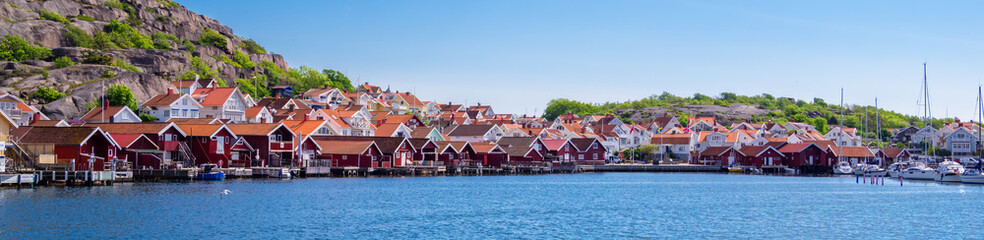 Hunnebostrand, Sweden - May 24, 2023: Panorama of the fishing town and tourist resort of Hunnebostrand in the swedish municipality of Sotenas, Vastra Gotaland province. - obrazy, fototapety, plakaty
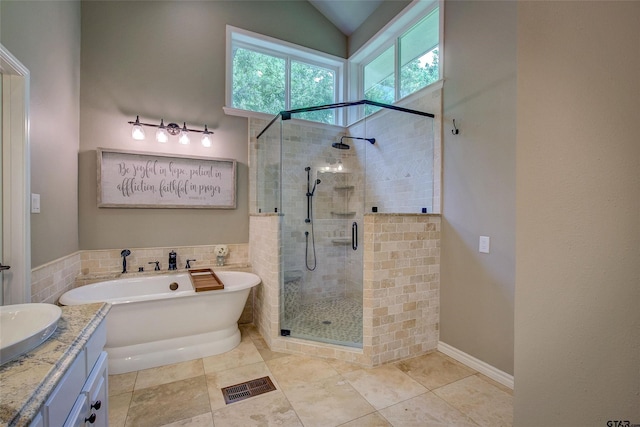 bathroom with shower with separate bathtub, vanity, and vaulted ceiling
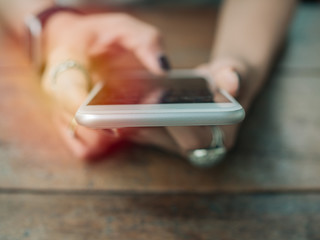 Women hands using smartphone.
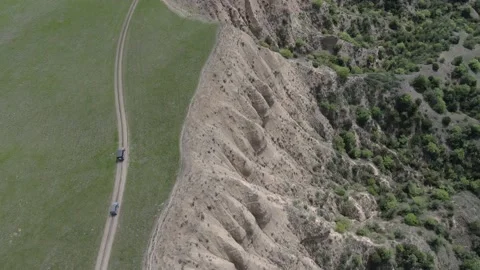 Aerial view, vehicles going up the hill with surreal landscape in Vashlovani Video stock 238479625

◆ Exercise prompt
Give the data again exactly. Keep the images out.

◆ Worked solution
 Hunnebostrand, Sweden - May 24, 2023: Panorama of the fishing town and tourist resort of Hunnebostrand in the swedish municipality of Sotenas, Vastra Gotaland province. - obrazy, fototapety, plakaty
 bathroom with shower with separate bathtub, vanity, and vaulted ceiling
 Women hands using smartphone.
 Aerial view, vehicles going up the hill with surreal landscape in Vashlovani Video stock 238479625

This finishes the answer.